Analysis of variance table for Fit General Linear Model

Find definitions and interpretation guidance for every statistic in the Analysis of Variance table.

In This Topic

DF
Adj SS
Adj MS
Seq SS
Seq MS
Contribution
F-value
P-Value – Term
P-value – Lack-of-fit

DF

The total degrees of freedom (DF) are the amount of information in your data. The analysis uses that information to estimate the values of unknown population parameters. The total DF is determined by the number of observations in your sample. The DF for a term show how much information that term uses. Increasing your sample size provides more information about the population, which increases the total DF. Increasing the number of terms in your model uses more information, which decreases the DF available to estimate the variability of the parameter estimates.

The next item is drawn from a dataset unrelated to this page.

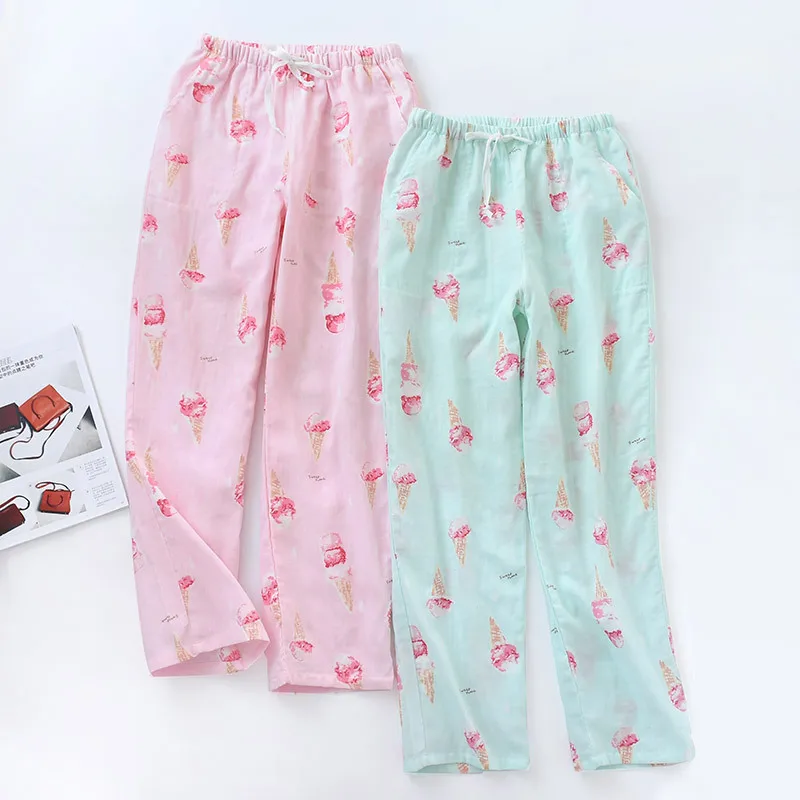 Пижамы брюки для девочек для женщин низ Pijama Femme Lounge одежда штаны для сна хлопок мотобрюки дома демисезонный Fdfklak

If two conditions are met, then Minitab partitions the DF for error. The first condition is that there must be terms you can fit with the data that are not included in the current model. For example, if you have a continuous predictor with 3 or more distinct values, you can estimate a quadratic term for that predictor. If the model does not include the quadratic term, then a term that the data can fit is not included in the model and this condition is met.

The second condition is that the data contain replicates. Replicates are observations where each predictor has the same value. For example, if you have 3 observations where pressure is 5 and temperature is 25, then those 3 observations are replicates.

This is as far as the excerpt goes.